“… the discussion these days is not…a lack of awareness about what needs to be done, but rather a complete disconnect between that awareness and the actions of those responsible for the physical form of our communities.” — Jeff Speck, Walkable City
When you’re walking through downtown Athens, you know to look up at the crosswalks signal for your cue to cross the street. Each intersection will automatically change from “don’t walk” to “walk” as the traffic signals change. And crosswalks with countdowns let you know how long you have to cross safely.
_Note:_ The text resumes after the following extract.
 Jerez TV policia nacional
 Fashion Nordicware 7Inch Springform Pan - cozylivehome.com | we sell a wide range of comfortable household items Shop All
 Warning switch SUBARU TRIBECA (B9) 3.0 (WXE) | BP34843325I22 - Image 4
It would make sense, then, that the intersection at Pulaski and Hancock Streets would follow this model — as it has for years. After all, Hancock is a major east-west route through downtown, and many drivers, cyclists and walkers see this as a sort of “gateway” to the downtown core.
ACC transportation and Public Works recently installed new crossing signal push buttons at this intersection, requiring that pedestrians “request” (or, in the industry, “beg”) for a walk signal.
According to David Clark, ACC’s director of transportation and public works, the buttons were installed to shave 10-15 seconds per cycle from the wait time for autos. But those savings come at a direct cost to pedestrians; if you don’t get to the button before the light changes, you’ll have to wait an entire cycle to get a walk signal. With the switch of a button, this intersection now prioritizes the movement of cars over people, which is likely to increase pedestrians crossing at inappropriate times and/or places.
If we weren’t sure that cars had the priority before, this change ends the discussion. Pedestrian safety in Athens-Clarke County is an afterthought to moving cars.
With hundreds more students now living downtown, this is the opposite of what we should be doing. We should be creating a pedestrian-friendly environment that encourages walking. People won’t walk if it’s not safe and comfortable, and installing beg buttons on downtown intersections makes it less safe and less comfortable to do so.
It’s also important to note that as a pedestrian, if you are crossing the street without a “walk” signal and you are hit by a car, you are at fault. We saw this scenario play out recently on Hawthorne Avenue at Old West Broad Street, where a pedestrian was struck and killed while navigating that awkward intersection within the crosswalk. No charges have been filed against the driver because the pedestrian did not have a walk signal.
It is up to our commission to decide if they want a walkable community. And it’s up to you to let them know walkability is important to you — they certainly aren’t going to push for it unless you demand it.